Implementation:Cleanlab Cleanlab TC Get Label Quality Scores
| API | token_classification.rank.get_label_quality_scores
|
|---|---|
| Source | cleanlab/token_classification/rank.py:L15-23
|
| Domains | Machine_Learning, Data_Quality, NLP |
| Last Updated | 2026-02-09 |
Overview
Implementation of two-level label quality scoring for token classification tasks. Computes per-token quality scores and aggregates them to sentence-level scores for ranking and review.
Description
This function takes token-level labels and predicted probabilities for a corpus of sentences and returns both sentence-level and token-level quality scores. It internally:
- Flattens all token labels and predicted probabilities across sentences into single arrays.
- Computes per-token quality scores using the specified scoring method (e.g.,
self_confidenceornormalized_margin). - Unflattens the token scores back to per-sentence groups.

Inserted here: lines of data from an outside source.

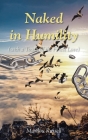 Naked in Humility: (With a Touch of the Finest Love) Cover Image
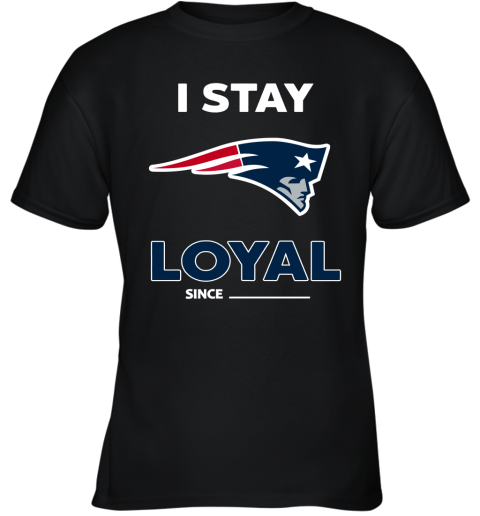 New England Patriots I Stay Loyal Since Personalized Youth T-Shirt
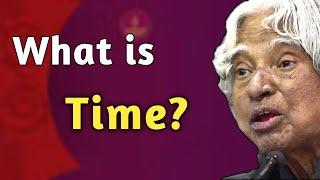 What is time? || APJ Abdul Kalam Sir Quotes || Words of Goodness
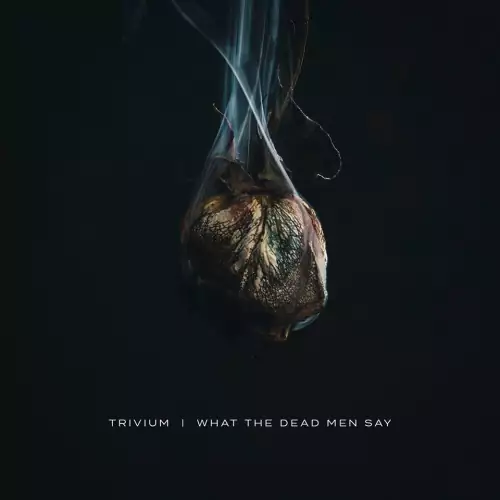 Trivium What the Dead Men Say Lyrics Album
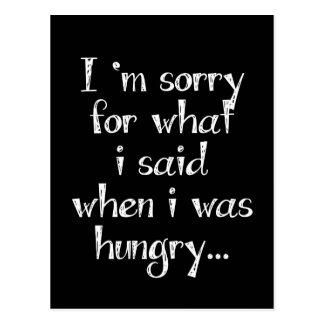 I'm sorry for what i said when i was hungry ...
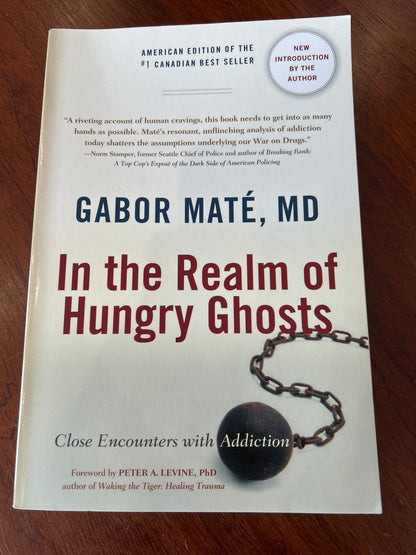 In the realm of hungry ghosts: close encounters with addiction. Gabor Mate. 2020.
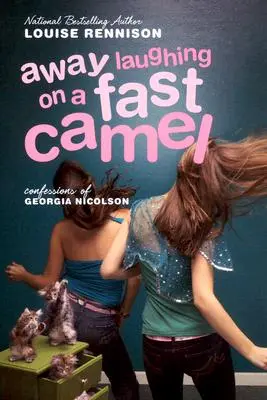 Lachend auf einem schnellen Kamel unterwegs: Noch mehr Geständnisse von Georgia Nicolson - Away Laughing on a Fast Camel: Even More Confessions of Georgia Nicolson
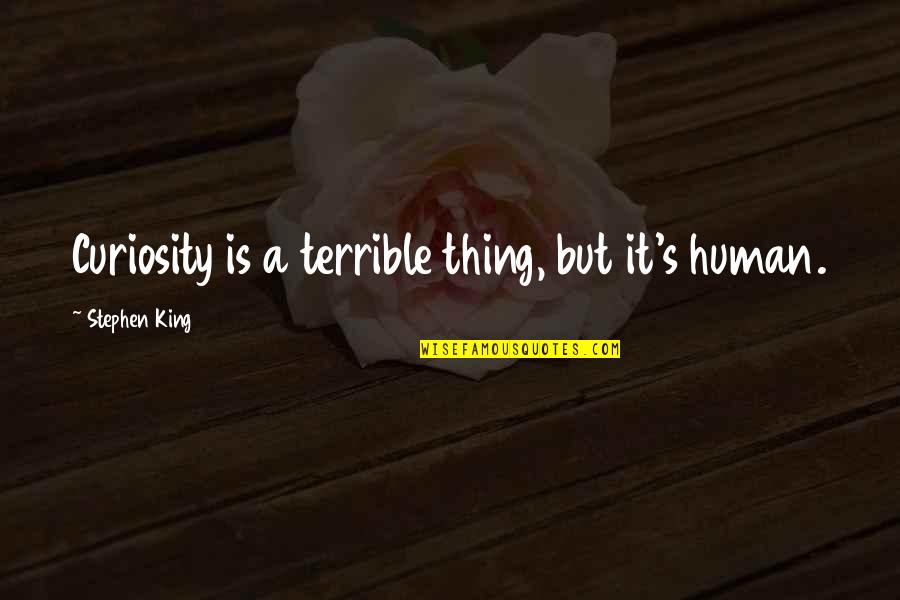 Curiosity's Quotes By Stephen King: Curiosity is a terrible thing, but it's human.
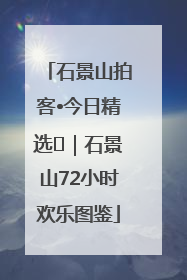 石景山拍客•今日精选⑲｜石景山72小时欢乐图鉴
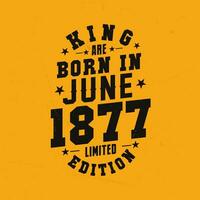 King are born in June 1877. King are born in June 1877 Retro Vintage Birthday vector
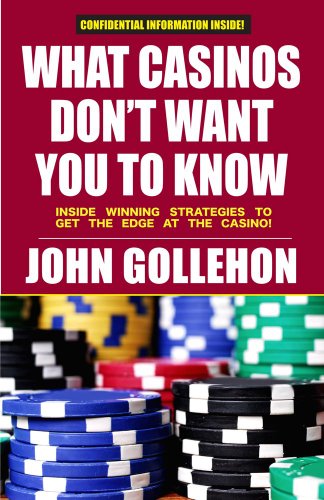What Casinos Don't Want You to Know by John Gollehon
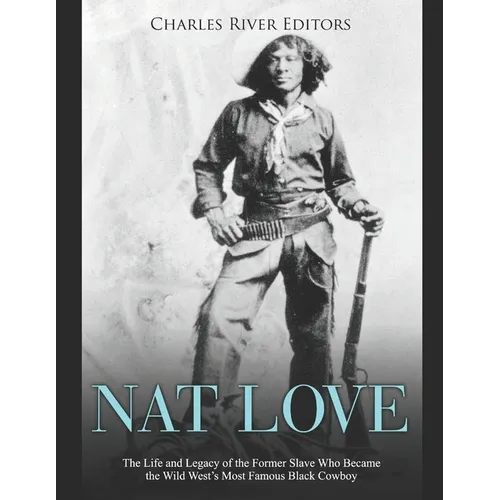 Nat Love: The Life and Legacy of the Former Slave Who Became the Wild West's Most Famous Black Cowboy - Paperback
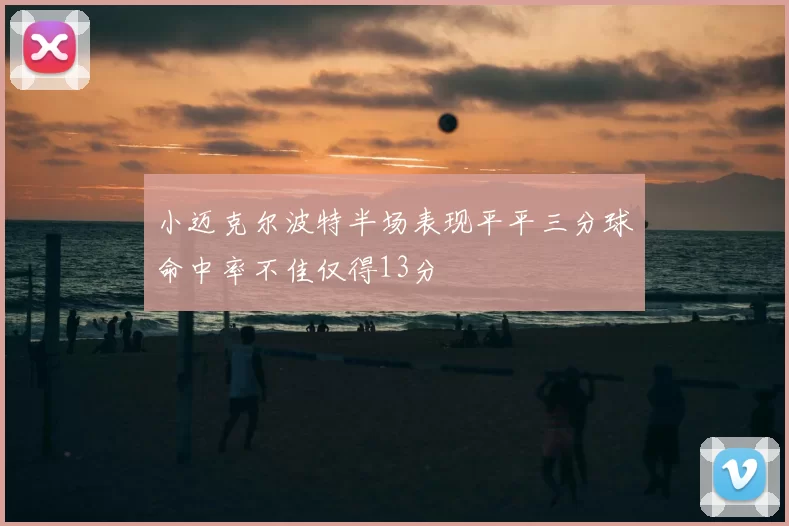 小迈克尔波特半场表现平平三分球命中率不佳仅得13分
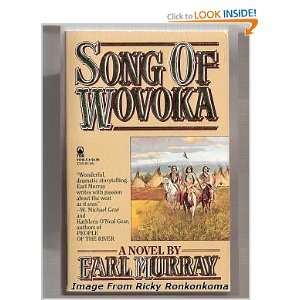  Song of Wovoka (9780812513189) Earl Murray Books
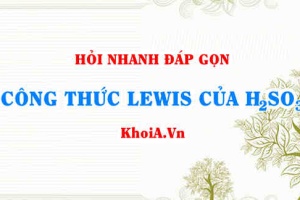 Công thức LEWIS của H2SO3 - Hỏi đáp Hóa 10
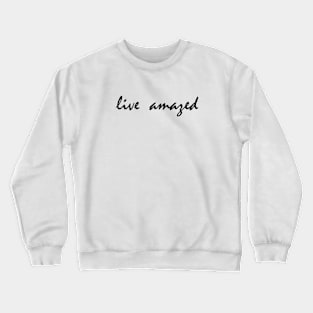 Live Amazed Word Art Script Typography in Black and White Crewneck Sweatshirt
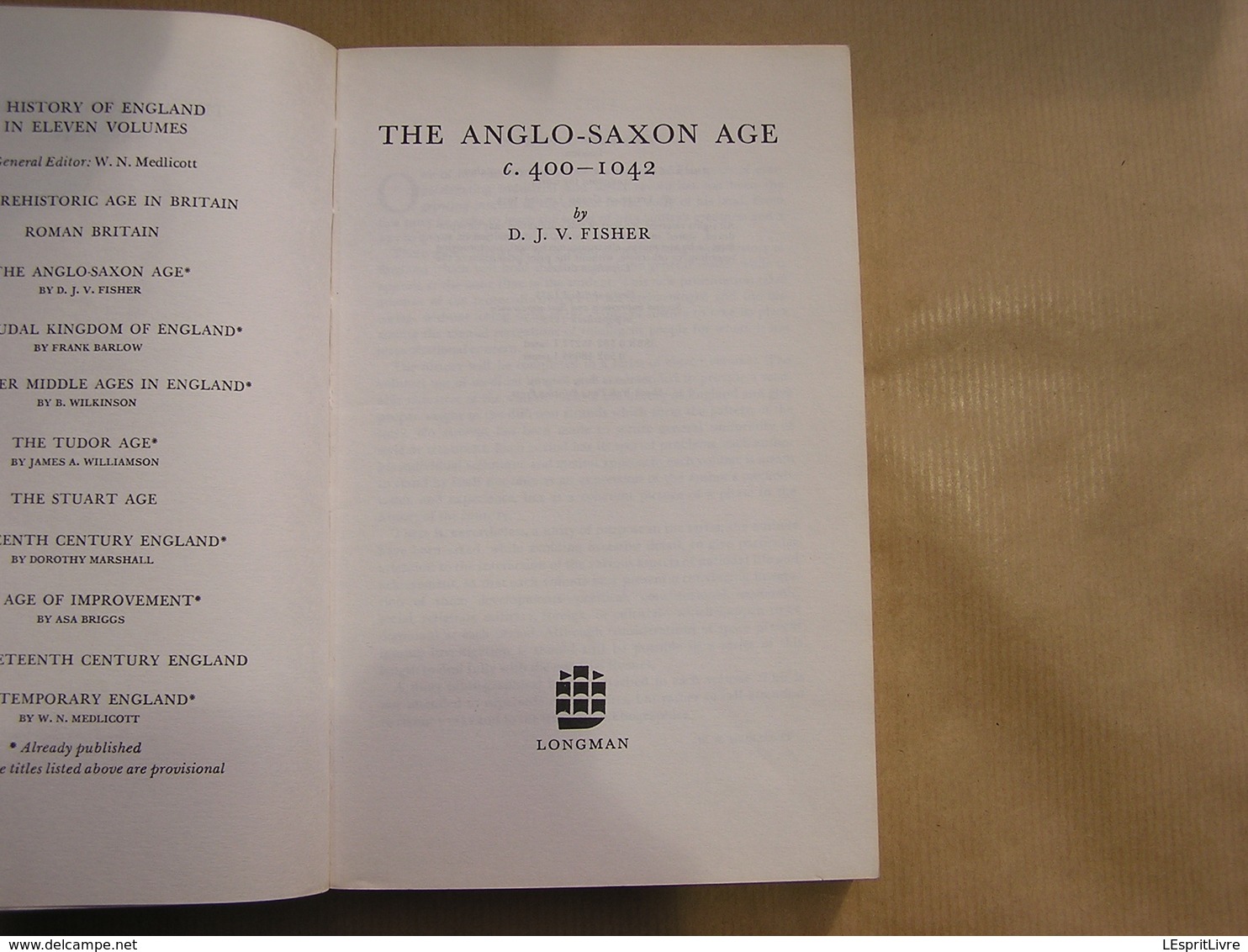 THE ANGLO SAXON AGE C 400-11042 England History Médiéval King Angleterre Moyen Age War Kingdom - Europe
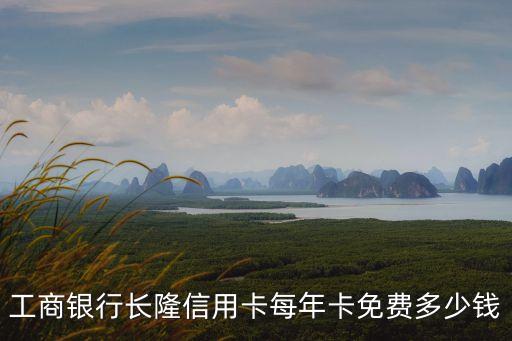 工商銀行長隆信用卡每年卡免費(fèi)多少錢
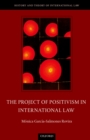The Project of Positivism in International Law - eBook
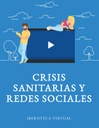 CRISIS SANITARIAS Y REDES SOCIALES
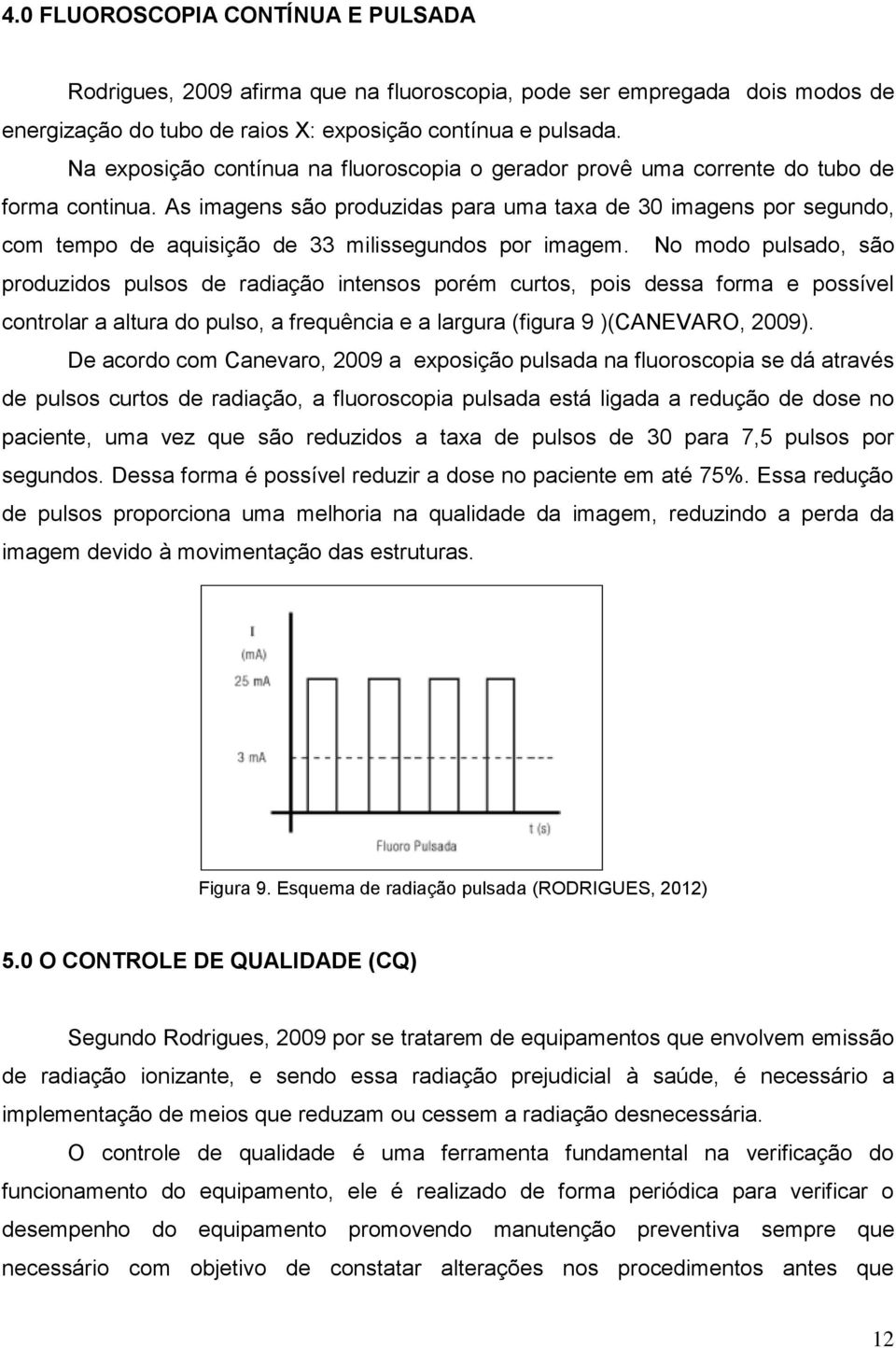 As imagens são produzidas para uma taxa de 30 imagens por segundo, com tempo de aquisição de 33 milissegundos por imagem.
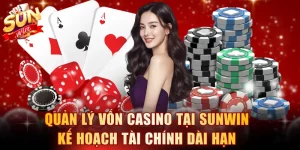 Quản Lý Vốn Casino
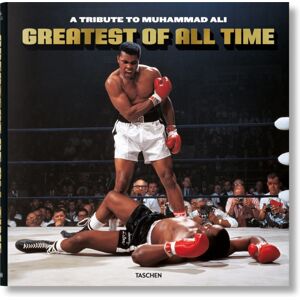 Taschen GmbH Greatest Of All Time. A Tribute To Muhammad Ali Taschen GmbH Greatest Of All Time. A Tribute To Muhammad Ali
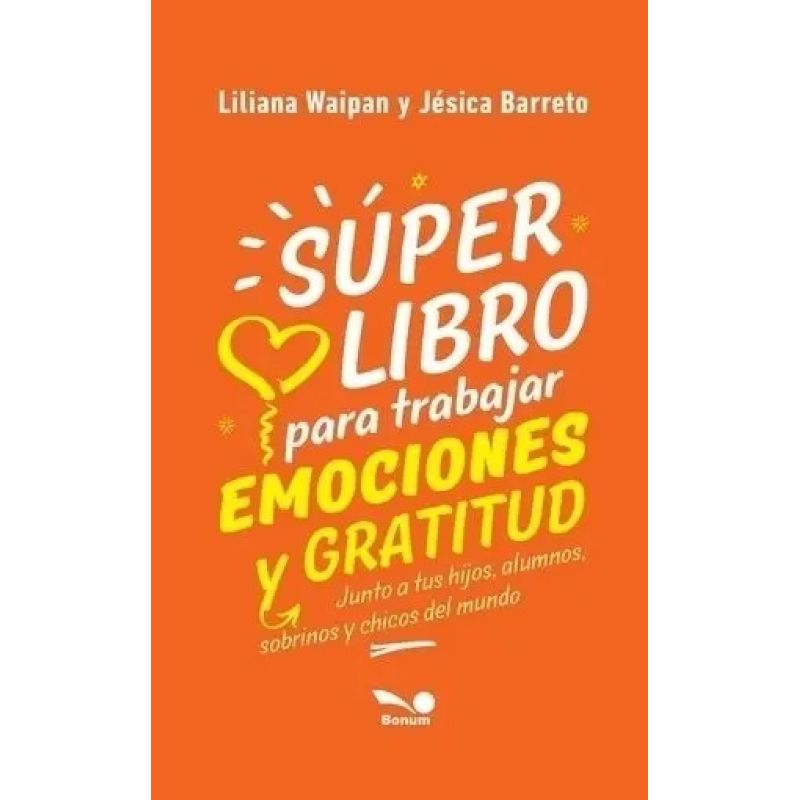 SUPER LIBRO PARA TRABAJAR EMOCIONES Y GRATITUD (Nuevo)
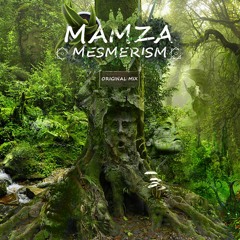 ۞ Mesmerism ۞ ( Mamza Original Mix )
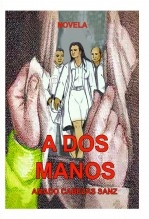 Libro A DOS MANOS, autor AMADO CABEZAS SANZ Libro A DOS MANOS, autor AMADO CABEZAS SANZ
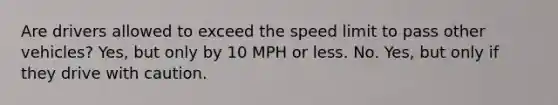 Are drivers allowed to exceed the speed limit to pass other vehicles? Yes, but only by 10 MPH or less. No. Yes, but only if they drive with caution.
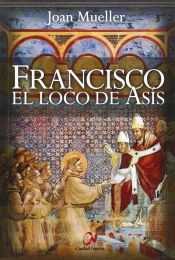 Francisco El Loco De Asís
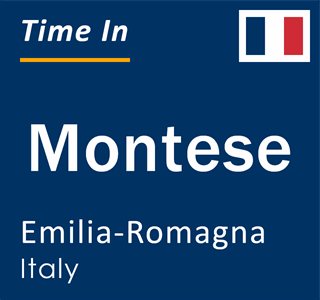 Current local time in Montese, Emilia-Romagna, Italy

- Aggregates token scores within each sentence using the specified aggregation method (e.g.,
minorsoftmin). - Optionally creates DataFrames with token text when the
tokensparameter is provided.
The function returns a tuple of sentence-level scores and token-level scores, enabling both coarse-grained (sentence ranking) and fine-grained (token identification) analysis.
Usage
This function is the primary entry point for scoring token classification label quality. It is used after training a token classification model and obtaining per-token predicted class probabilities on the training set. Results feed into downstream filtering and visualization functions.
Code Reference
Source Location
cleanlab/token_classification/rank.py, lines 15-23.
Signature
def get_label_quality_scores(
labels: list,
pred_probs: list,
*,
tokens: Optional[list] = None,
token_score_method: str = "self_confidence",
sentence_score_method: str = "min",
sentence_score_kwargs: dict = {},
) -> Tuple[np.ndarray, list]
Import
from cleanlab.token_classification.rank import get_label_quality_scores
I/O Contract
Inputs
| Parameter | Type | Description |
|---|---|---|
labels |
list |
List of N lists, where each inner list contains integer class labels for each token in the corresponding sentence. |
pred_probs |
list |
List of N numpy arrays, each of shape (T_i, K) where T_i is the number of tokens in sentence i and K is the number of classes. Each row contains the model's predicted class probabilities for a token. |
tokens |
Optional[list] |
List of N lists, where each inner list contains the string tokens for the corresponding sentence. When provided, token-level scores are returned as DataFrames with token text. |
token_score_method |
str |
Method for computing per-token scores. Options: "self_confidence" (probability of given label), "normalized_margin" (margin between given label and next best). Defaults to "self_confidence".
|
sentence_score_method |
str |
Method for aggregating token scores to sentence level. Options: "min" (minimum token score), "softmin" (smooth minimum). Defaults to "min".
|
sentence_score_kwargs |
dict |
Additional keyword arguments passed to the sentence-level aggregation method. Defaults to empty dict. |
Outputs
| Type | Description |
|---|---|
Tuple[np.ndarray, list] |
A tuple of (sentence_scores, token_scores). sentence_scores is a np.ndarray of shape (N,) with per-sentence quality scores between 0 and 1. token_scores is a list of N arrays (or DataFrames if tokens provided), each containing per-token quality scores for the corresponding sentence. |
Usage Examples
import numpy as np
from cleanlab.token_classification.rank import get_label_quality_scores
# Labels for 3 sentences (using integer class IDs, e.g., 0=O, 1=B-PER, 2=I-PER)
labels = [
[0, 1, 2, 0], # 4 tokens
[0, 0, 1, 0, 0], # 5 tokens
[1, 2, 0], # 3 tokens
]
# Predicted probabilities (K=3 classes)
pred_probs = [
np.array([
[0.9, 0.05, 0.05],
[0.1, 0.8, 0.1],
[0.1, 0.1, 0.8],
[0.85, 0.1, 0.05],
]),
np.array([
[0.95, 0.03, 0.02],
[0.88, 0.07, 0.05],
[0.2, 0.6, 0.2],
[0.9, 0.05, 0.05],
[0.92, 0.04, 0.04],
]),
np.array([
[0.15, 0.75, 0.1],
[0.1, 0.2, 0.7],
[0.8, 0.1, 0.1],
]),
]
# Compute quality scores
sentence_scores, token_scores = get_label_quality_scores(labels, pred_probs)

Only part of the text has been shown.